Mortgage rates are still holding between 6.5 percent and 6.75 percent for the low-fee deals, but the financial world moved this week into a realm of uncertainty, inflation risk and volatility that we have not seen in a long time.
Early in the week, markets traded in happy belief that the Fed is about to halt its rate increases, perhaps concluding after a 16th hike to 5 percent at its May 10 meeting. Bonds woke to reality on news that March “core” CPI had jumped the fence, but the party roared on in stocks and commodities.
Stocks finished at a six-year high, in largest part because everybody knows that every time the Fed stops a tightening campaign, stocks have a great run. That has been true in normal Fed cycles: the Fed tightens into an overheating economy, crushes it into recession, stops tightening, and the perfect time to buy stocks has been just before the Fed begins to ease into the ensuing recovery.
Very cool, but this cycle is unlike — in many ways the polar opposite — of all preceding modern cycles. The Fed will have raised its rate 4 percent over the last two years, but has not been “tightening,” merely returning to neutral range from a 50-year-low emergency easing.
The hope that the Fed will soon pause or stop altogether was fueled by the release of the minutes of its March meeting, which contained a brief, anonymous and wandering debate about the risks of raising rates too far, reinforced by public blather this week by a Fed governor (Yellen) who might better have corked it.
I think the inflation game has changed for the worse — maybe temporarily, maybe all OK if the economy slows down quickly, but worse. In this last year, oil prices have blown almost to 1980 levels (on inflation-weighted terms, today roughly 70 percent of that all-time price) and the “core” rate of inflation has held near the Fed’s 2 percent maximum-tolerance zone. Now, for the first time in this energy cycle, March brought a monthly core CPI value annualizing to 3.6 percent, and the threat that energy costs are percolating into the rest of the economy.
It’s only a single-month reading…yeah, yeah…BUT: oil is now solidly above $70 and much more likely to go higher than to repeat the post-1980 two-thirds collapse in price and 20-year stability. Hu Jintao is in town, but nobody seems to notice the little, back-page sidebar charts of China’s near-future demand for oil. Where is the world going to get another 10myn/bbl/day, in addition to sustaining the 82myn/bbl/day we run through now? The world is going to price-up until substitutes and conservation alter today’s way-excess demand versus limited supply.
The oil shocks of 1973-1980 taught the Fed (I hope) that it cannot tolerate a little inflation; all it will get is more, and once “more” moves from prices to wages it is hell on earth to squeeze out of the economy.

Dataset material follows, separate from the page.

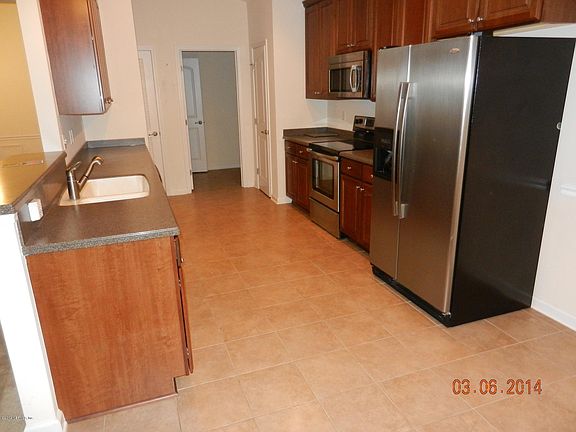 4th image of 14226 Summer Breeze Drive E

The Fed’s May 10 meeting is now a setup for the return of the true, up-and-down volatility common in the bond market before the artificial stability induced by the Fed during 2003-2006. This will be the first meeting in years at which the governors will have to exercise judgment, the mechanical reversal of emergency easing now a pleasant memory. A rookie Chairman accustomed to academic debate will have to decide on action and build a consensus.
Pause at 5 percent, waiting to be bailed out by a hoped-for slowdown? Wait almost two months until the next meeting to announce a pause, before or after 5.25 percent? Take out some pre-emptive insurance by sounding tough with a new inflation warning in the post-meeting lingo? This uncertainty is a prescription for some considerable back-and-forth in a bond market that has in the last 60 days gone from grudgingly conforming to the Fed’s overnight cost of money to leading it.
If the Fed guesses wrong on the easy side, bond yields will explode.